Un actionnaire reproche au Club de Golf Mont-Bruno d’avoir tenté d’exproprier d’anciens membres sans juste compensation.
Il a déposé une demande d’autorisation d’une action collective contre le club et contre sa société sœur Mount-Bruno Country Club , accusés d’avoir agi en s’appuyant sur des représentations fausses ou trompeuses.
Le demandeur est Jean-Pierre Ouellet, un résident d’Outremont qui a été membre du Mount Bruno Country Club, et qui reste propriétaire d’une action de ce club.

Le demandeur est représenté par Me Karim Renno et Me Priti Majumdar du cabinet Renno Vathilakis.
Jean-Pierre Ouellet est devenu membre sénior du Mount Bruno Country Club en 1984. Il a alors acheté une action ordinaire de la corporation pour une valeur nominale de 100 $. Il a même siégé au conseil d'administration de 1994 à 1998. Il a démissionné comme membre en février 2025, mais il est demeuré actionnaire.
En avril 2025, le demandeur a reçu un chèque de 100 $ des défenderesses lui demandant de céder son action. Il n'a pas encaissé ce chèque, mais il a demandé le rachat de son action à sa juste valeur.

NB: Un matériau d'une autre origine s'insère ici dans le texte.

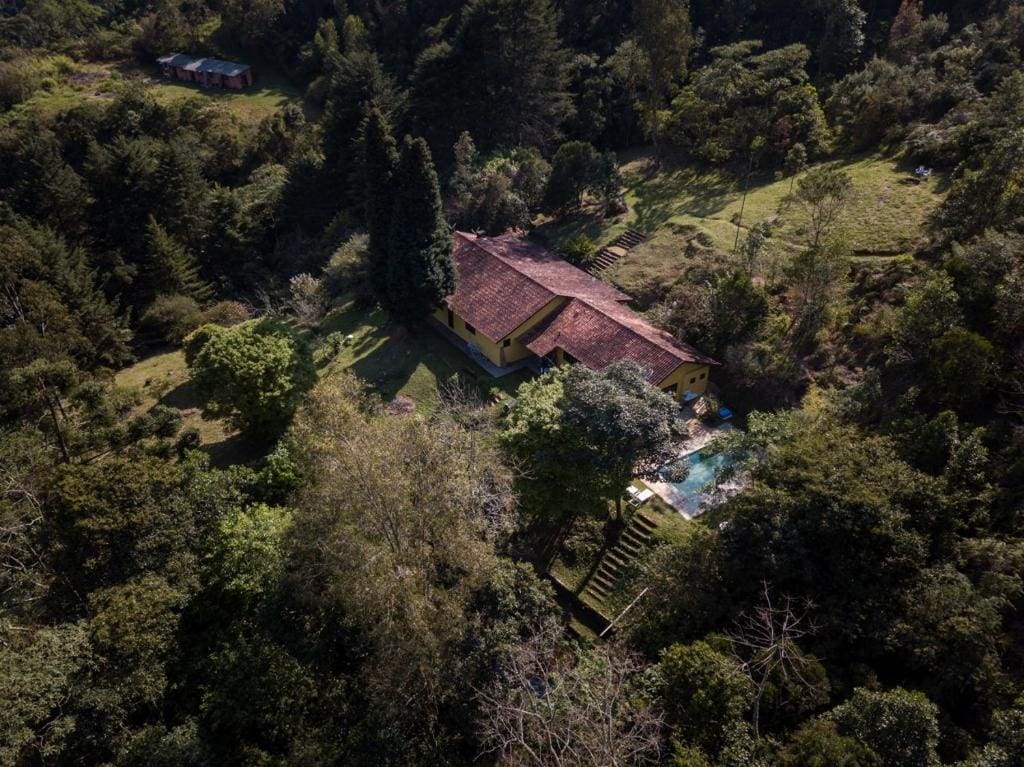 hospedagem em São Francisco Xavier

La poursuite allègue que les deux sociétés ont envoyé des chèques de 100 $ à d'anciens membres, en prétendant qu'ils étaient obligés de vendre leur action pour ce montant, en vertu d'une convention d'actionnaires.

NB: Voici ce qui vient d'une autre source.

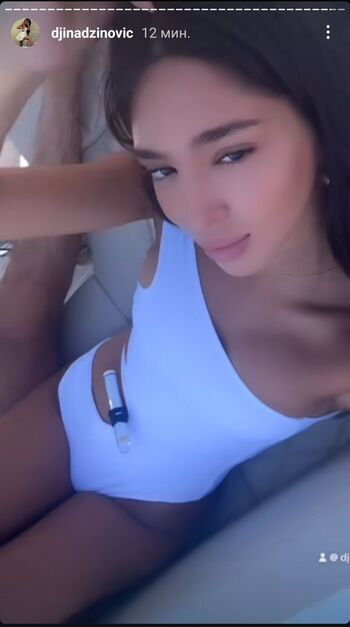 🔥 Djina dzinovic leaked private photo uncensored full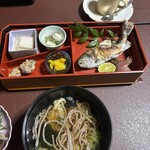 峠茶屋馬瀬川 -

Or, « malgré des demandes répétées tant du Demandeur que d'autres anciens membres, les Défenderesses sont incapables de produire quelque convention d'actionnaires que ce soit », indique la demande, qui met en doute l’existence même de ce document.

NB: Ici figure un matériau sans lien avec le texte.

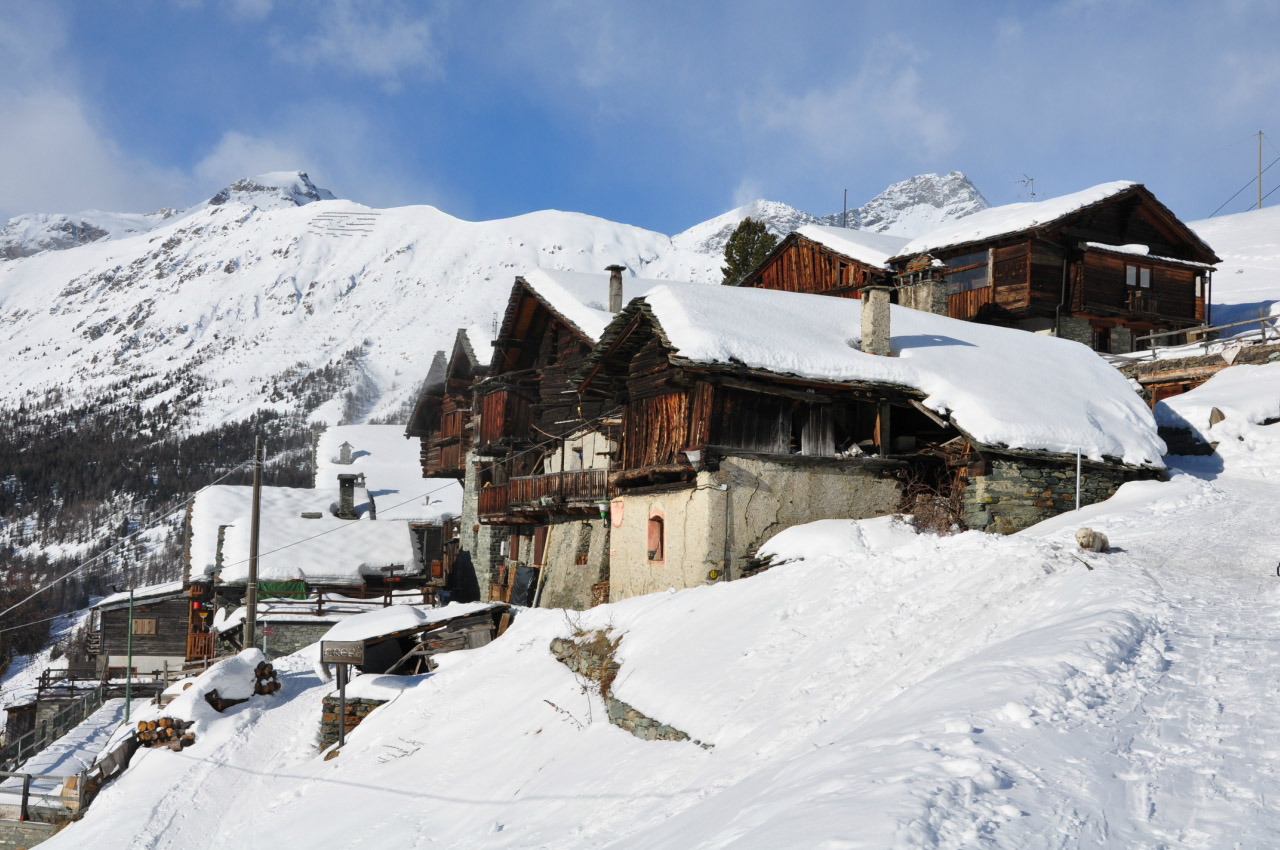 Valle d`Ayas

Faute de pouvoir produire le document, le club a changé de version: il a sorti une lettre datant de 1984 indiquant que l'action était « détenue en fiducie pour le Club ». Mais aucun document ne vient appuyer cette version, affirme la demande d’autorisation.
La poursuite pointe aussi une tentative d’expropriation pure et simple. Lors d’une assemblée en avril 2025, le club a voulu faire adopter des résolutions pour retirer, sans compensation, les actions des membres qui ne sont plus actifs. D’ailleurs, M.Ouellet et d’autres anciens membres n’ont pas reçu l’avis requis avant cette assemblée, les empêchant de faire valoir leurs droits.
Or, l’action vaudrait bien davantage que 100 $, selon un document de financement publié en 2024 en vue de rénover le terrain de golf. Les actifs du club étaient alors estimés à environ 20 millions de dollars.
D’autres documents, contradictoires entre eux, dénombrent 625 actions ou 766 actions en circulation, pointe la poursuite, qui critique une tenue de registres bâclée.
M.Ouellet demande à être nommé représentant des membres du groupe composé de toutes les personnes physiques, entités, sociétés, organisations et successions ayant détenu, avant ou après la création de Golf MBCC Inc., soit vers 1985, des actions ordinaires et/ou différées de Mont-Bruno C.C. Inc. et/ou Golf MBCC Inc.
Le demandeur souhaite que la Cour supérieure condamne les défenderesses à verser des dommages compensatoires pour la perte de valeur des actions et la privation du droit de rachat, ainsi que des dommages punitifs pour mauvaise foi et conduite oppressive. Il réclame également que le tribunal ordonne le rachat des actions à leur juste valeur.